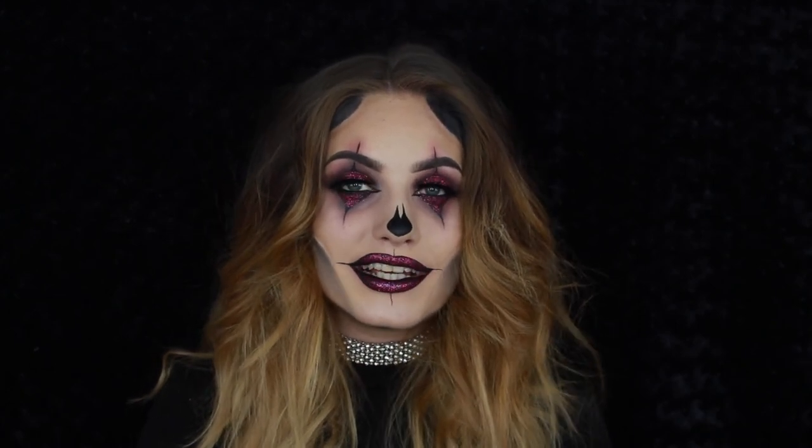So guys, that was it for this crazy clown Halloween tutorial. I really hope you enjoyed this video — please give it a thumbs up if you liked it, and don't forget to subscribe to my channel so you don't miss anything. I will see you in my next video. Bye!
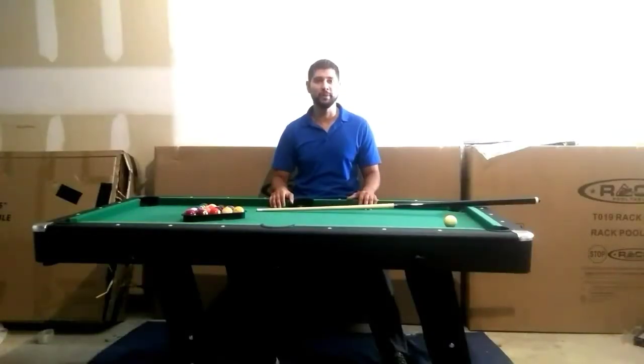Hi, my name is Jay of Rack Pool Tables. First off, I'd like to welcome you to the Rack Family. Today I'll be showing you how to properly set up and assemble your Rack Dragon Pool Table. Please take a few short minutes and watch this video prior to setting up your table.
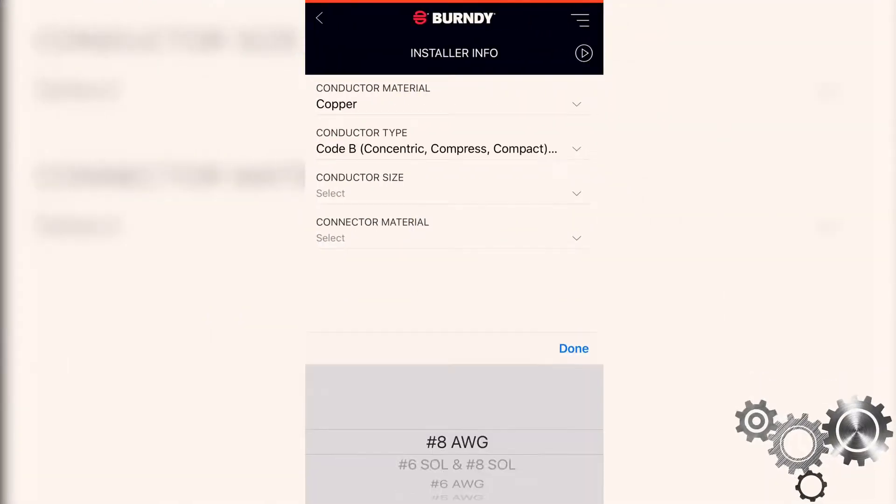Hello, my name is Ben Michaud. I'm the senior product manager for our medium and large high dent product portfolio. Today I want to take a moment to explain to you an application that we developed called Burndy Connect. Burndy Connect is an application that we use for installers and inspectors to really understand how to make proper installations with the Burndy engineered system.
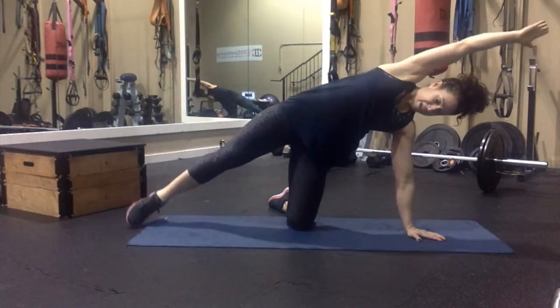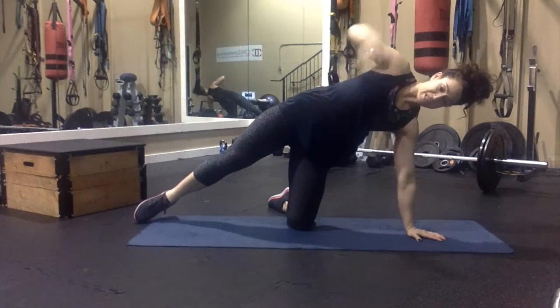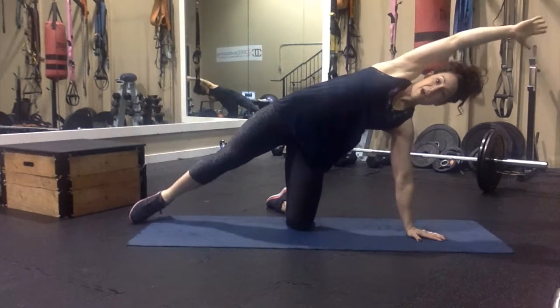Squeeze, and straight. Really make sure you're using these muscles to pull your knee and your elbow together, and reach back. Down, and back.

WORK TASK —
What the answer must hold is the exact text of every line from the one containing "Hello, my name" through the end of the data, minus any pictures.

SOLUTION TO THIS PROBLEM —
Hello, my name is Ben Michaud. I'm the senior product manager for our medium and large high dent product portfolio. Today I want to take a moment to explain to you an application that we developed called Burndy Connect. Burndy Connect is an application that we use for installers and inspectors to really understand how to make proper installations with the Burndy engineered system.
Squeeze, and straight. Really make sure you're using these muscles to pull your knee and your elbow together, and reach back. Down, and back.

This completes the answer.